In the first place, it is significant that it is possible to separate the text into two continuous stories like this. And it is even more significant that we can find this throughout the first five books of the Hebrew Bible, also known as the Five Books of Moses. Thus:

The P text here always calls the deity "God" (16 times). The J text always calls the deity by the proper name "YHWH" (10 times).

The P text uses the word "expired." The J text uses the word "died."

In J, it rains for 40 days and nights, and the water recedes for 40 days. In P, the whole process adds up to a calendar year.

In J, Noah releases a dove. In P, he releases a raven.

P has two of each species of animal, a male and a female. J has 14 (seven pairs) of each species of the pure animals (animals that may be sacrificed) and only two of the animals that are not pure. This is important because J ends the story with Noah making a sacrifice—so he needs more than two of each animal or he would make a species extinct!

P has details of cubits, dates, and ages. J does not.

In J, God is personal and involved: known by a personal name ("YHWH"), personally closing the ark, personally smelling Noah's sacrifice, described as "grieved to his heart." In P, God's name is not yet known ("God," in Hebrew Elohim, is not a name; it is what God is), and there are none of the anthropomorphic descriptions that are found in J.

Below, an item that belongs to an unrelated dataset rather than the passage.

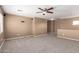 Large bonus room with neutral carpet and ample natural light at 12430 W Scotts Dr, El Mirage, AZ 85335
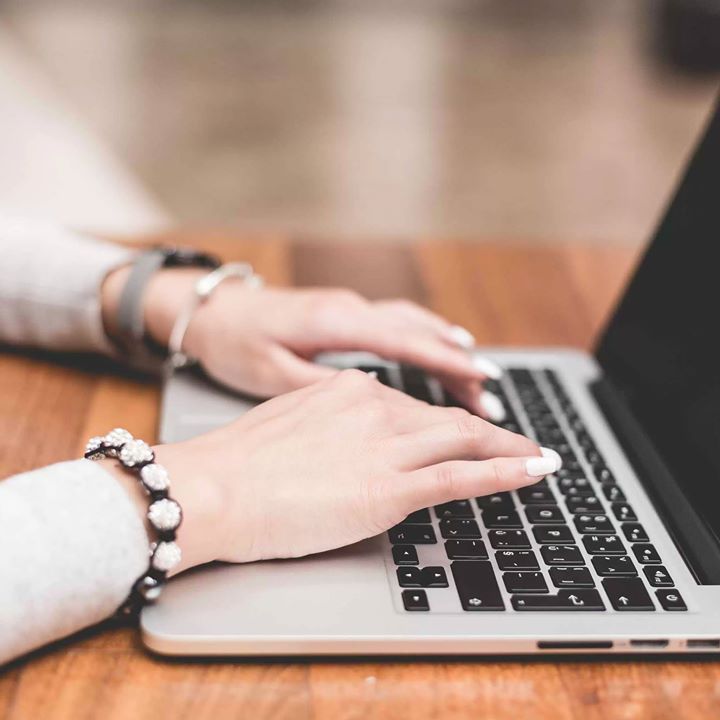 A woman wearing a bracelet is typing on a laptop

And the point is not just that these differences are maintained consistently in this particular text. These differences are also consistent with the language and characteristics of the other P and J texts throughout the Five Books. P consistently is concerned with dates, ages, and measurements. P uses the word "expired" for death elsewhere (11 times); it never occurs in J. And the distinction regarding the name of God is maintained through over 2,000 occurrences in the Torah with only three exceptions. In the P creation story, God creates a space (firmament) that separates waters that are above it from waters below. The universe in that story is thus a habitable bubble surrounded by water. That same conception is assumed here in the P flood story, in which the "apertures of the skies" and the "fountains of the great deep" are broken up so that the waters flow in. The word "rain" does not occur. The J creation account, on the other hand, has no such conception, and here in the J flood story it just rains.

One cannot just say that this is the work of clever scholars who divided up the text to come out this way. Just try doing it with any other work of comparable length to the Five Books of Moses. No scholar is clever enough to make all of this come out so consistently.

Some opponents of the Documentary Hypothesis claim nowadays that this hypothesis no longer is the dominant view in the field. Some assert that there is a new consensus. Some even claim that it was disproved long ago and that "no one believes that anymore." In the first place, this claim is just not true. Scholars at nearly all of the major universities and many seminaries in the United States still are persuaded that it is correct, they work in it, and they teach it to their students. The same may be said of most scholars in England, Israel, and other countries. Major commentaries (such as the Anchor Bible), encyclopedias, and introductions treat it. The most common challenges have come from a number of European scholars, but as of this time, they have not responded to the central evidence. Specifically: They have not come to terms with the linguistic evidence, the continuity of the sources, the match of the sources (especially J and E) with history, or the convergence of the lines of evidence.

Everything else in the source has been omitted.